_DIRECTIONS FOR THIS TASK_. Drop the images, then output the listing exactly.

_INFORMATION SUPPLIED_.
* * * * * * *

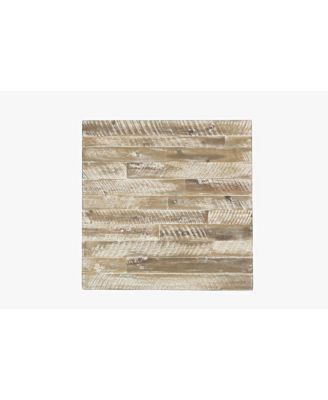 Artisan's Craft Rustic Farmhouse Distressed Solid Wood End Table, Washed Grey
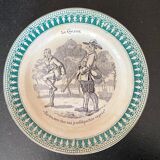Assiettes parlantes terre de fer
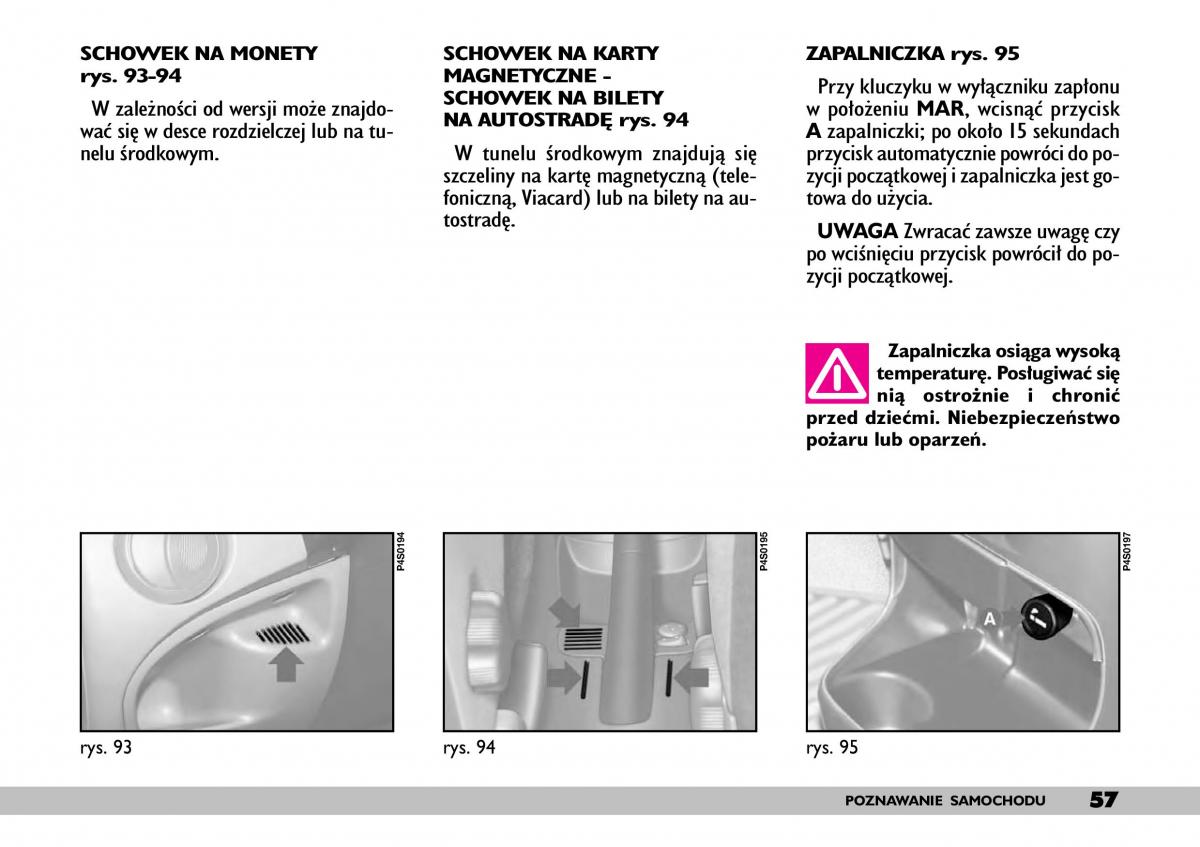 Fiat Punto II 2 instrukcja obslugi / page 61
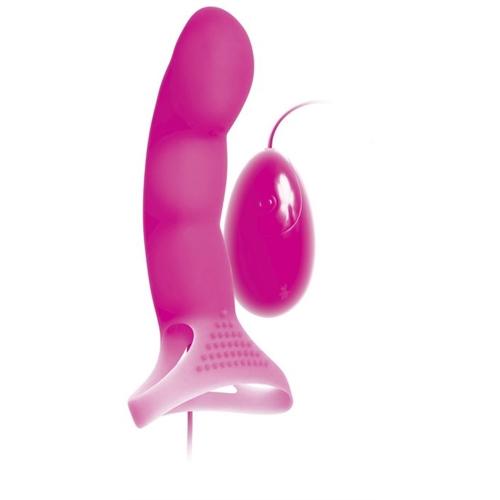 Adam and Eve Silicone G-Spot Touch Finger Vibrator - Pink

* * * * * * *

_ANSWER BOX_.
 Artisan's Craft Rustic Farmhouse Distressed Solid Wood End Table, Washed Grey
Assiettes parlantes terre de fer
 Fiat Punto II 2 instrukcja obslugi / page 61
 Adam and Eve Silicone G-Spot Touch Finger Vibrator - Pink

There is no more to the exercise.